Set down exactly the lines below between the line holding "中年妈妈无袖连帽马甲女春秋季洋气针织背心开衫宽松大码毛衣马夹 - 图1" and the line holding "Diecezja tarnowska. Biskup", inclusive; no other line belongs in the answer.

_THE DATA:_

* * * * * * *

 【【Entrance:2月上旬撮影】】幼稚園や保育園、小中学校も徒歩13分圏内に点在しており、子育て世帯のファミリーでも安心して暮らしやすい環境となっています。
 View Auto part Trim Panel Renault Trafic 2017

* * * * * * *

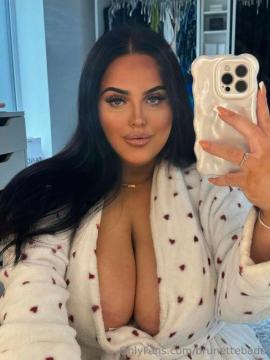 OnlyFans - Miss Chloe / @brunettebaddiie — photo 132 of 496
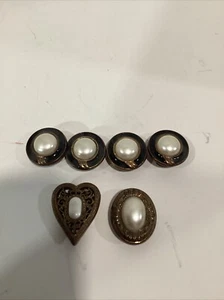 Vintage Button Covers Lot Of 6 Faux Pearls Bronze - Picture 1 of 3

* * * * * * *

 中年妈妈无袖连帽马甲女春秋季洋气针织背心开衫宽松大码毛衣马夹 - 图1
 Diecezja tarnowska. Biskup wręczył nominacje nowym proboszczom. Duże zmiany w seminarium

* * * * * * *

_PROBLEM SOLUTION:_
 中年妈妈无袖连帽马甲女春秋季洋气针织背心开衫宽松大码毛衣马夹 - 图1
 Diecezja tarnowska. Biskup wręczył nominacje nowym proboszczom. Duże zmiany w seminarium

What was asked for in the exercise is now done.